<<<<

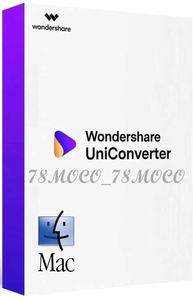 【台数制限なし】 - Wondershare - UniConverter 15 Version 15.0.4.560 Mac版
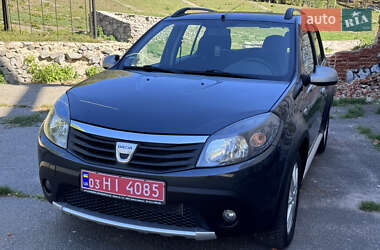 Внедорожник / Кроссовер Dacia Sandero StepWay 2010 в 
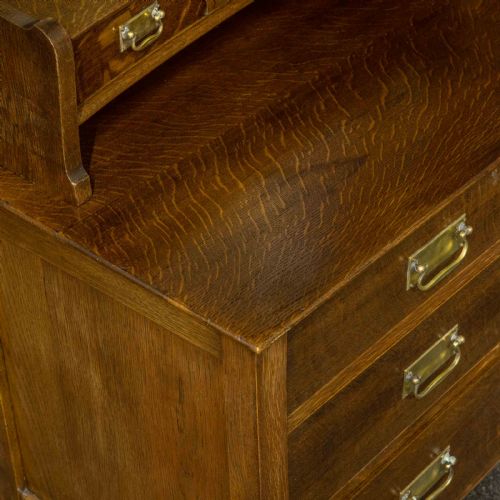 OAK DRESSING TABLE - ADDITIONAL PHOTO 9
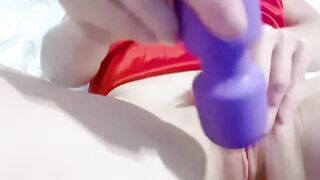 Squirting Bella wants to be Banged! She plays with her Pussy until a she Cums and Squirts! - 10 image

>>>>

● **DESCRIPTION OF THE TASK**:
Write the material out again exactly. Skip each picture.

● **ANSWER SECTION**:
 【台数制限なし】 - Wondershare - UniConverter 15 Version 15.0.4.560 Mac版
 Внедорожник / Кроссовер Dacia Sandero StepWay 2010 в 
 OAK DRESSING TABLE - ADDITIONAL PHOTO 9
 Squirting Bella wants to be Banged! She plays with her Pussy until a she Cums and Squirts! - 10 image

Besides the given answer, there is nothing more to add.